Cuando al fin va a hacer el pago, descubre que la suegra no le ha dado la cantidad precisa. Ella pone la diferencia, pero la suegra nunca se lo devuelve. Soy un tipo de persona que no hubiera aguantado esa situación, pero Anahi piensa que no les están cobrando el alquiler y calla. Es sorprendente todo lo que calla Anahi. Las descripciones de sus veladas con el marido revelan a un hombre que tiene una vida fuera de casa, con su trabajo y sus amigos, y la mantiene a través de teléfono móvil el poco tiempo que pasa con su esposa. Si hay comunicación o afecto, no los vemos. No parece que tengan nada que decirse.

A partir de aquí, lo real y lo onírico, o irreal, u ocurrido en una dimensión paralela a la que se accede por callejones estrechos y agujeros, se intercalan. Si lo pienso bien, puede que sí, que siempre haya un agujero en el que meterse o un pasaje angosto que refleje ese tránsito, pero yo no supe distinguir qué había sido real y qué no hasta el final de este primer cuento o novela corta. Ayuda mucho el tipo de prosa, que es del estilo que comenté en el segundo párrafo de esta publicación: hay descripciones, hay adjetivos, pero no hay largos párrafos de tremendas oraciones con muchas subordinaciones. Se utilizan las palabras precisas, no hay nada accesorio, ni siquiera en las partes más descriptivas. Es un lenguaje eficaz, una prosa sucinta pero a la vez muy evocadora, precisamente por todo lo que no cuenta. El famoso subtexto, que jamás he tenido la sutileza suficiente para percibir e interpretar. Además, esta manera de narrar imprime a la lectura un ritmo hipnótico, una cierta cadencia maravillosa que acentúa aún más esa sensación de que hay muchos otros sentidos ocultos que se me escapan.

Asahi encuentra niños, ancianos, familiares y un animal fantástico y nos lo cuenta de una manera que te atrapa. No quiero destripar el final a nadie, así que me voy a reservar mis conclusiones que seguramente sean equivocadas. Como no tengo ninguna sutileza, tampoco sé si he captado suficientemente bien todos los detalles como para haber comprendido lo que se me quería contar.

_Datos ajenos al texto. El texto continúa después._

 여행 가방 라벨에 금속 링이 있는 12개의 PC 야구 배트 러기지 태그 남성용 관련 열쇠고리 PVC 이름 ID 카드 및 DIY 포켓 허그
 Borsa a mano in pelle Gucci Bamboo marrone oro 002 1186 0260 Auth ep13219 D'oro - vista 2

Los dos cuentos que completan el volumen son mucho más cortos. En esta ocasión los protagonistas son un hombre y su esposa, cuyos nombres o no se mencionan nunca o se hace con tan poca frecuencia que no llegué a retenerlos, y una pareja de amigos, estos caracterizados con mucho más detalle (sí tienen nombre, para empezar). Ambos relatos vuelven a introducir animales en su desarrollo, aunque esta vez son de especies reconocibles (comadrejas y peces), y giran en torno a la maternidad de una manera un tanto oscura para mí. El deseo de ser madre es evidente, el protagonista deja bien claro que su esposa programa los encuentros sexuales y considera la temperatura basal, pero el episodio de la comadreja como madre protectora, luchadora, agresiva, no terminé de encajarlo bien en el contexto del relato. Lo dicho, no tengo ningún tipo de sutileza y no sabía qué representaba el animal en una casa donde vive una pareja sin hijos a la que visita otra pareja que tampoco los tiene. La forma de narrar sigue siendo maravillosa, pero mi perplejidad fue mayor.

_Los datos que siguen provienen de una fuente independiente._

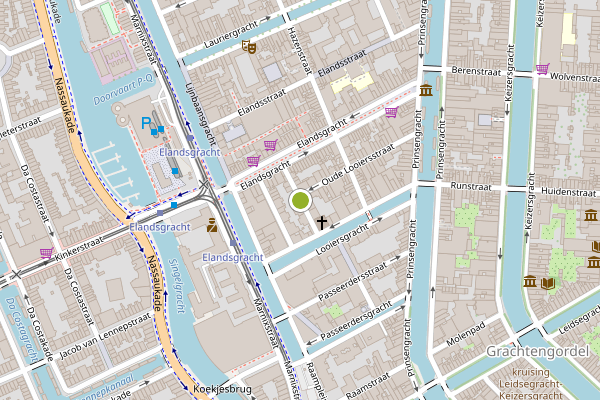 Ambulance-melding op Tweede Looiersdwarsstraat, Amsterdam op 25 juli, kaart-overzicht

En el segundo relato ya hay un bebé. Creí inferir que hay cierta angustia sobre la responsabilidad de la crianza, la preocupación constante por la salud del bebé a tu cargo... Seamos sinceros, no creí inferirlo, sino que el protagonista tiene una pesadilla en la que siente un peso tremendo y una opresión en el pecho, pero también hay un comportamiento extraño en la madre respecto a la criatura y en la esposa que no supe interpretar. Como ya he dicho, había unos flujos entre los personajes que yo no sabía de dónde venían y dónde me debían llevar.

Imagino que soy demasiado literal para sacar todo el provecho que podría de este tipo de lecturas, pero sólo por la sensación que transmite la prosa (supongo que eso es mérito de la traductora) ya merece la pena. Deja una sensación inefable de maravilla y magia.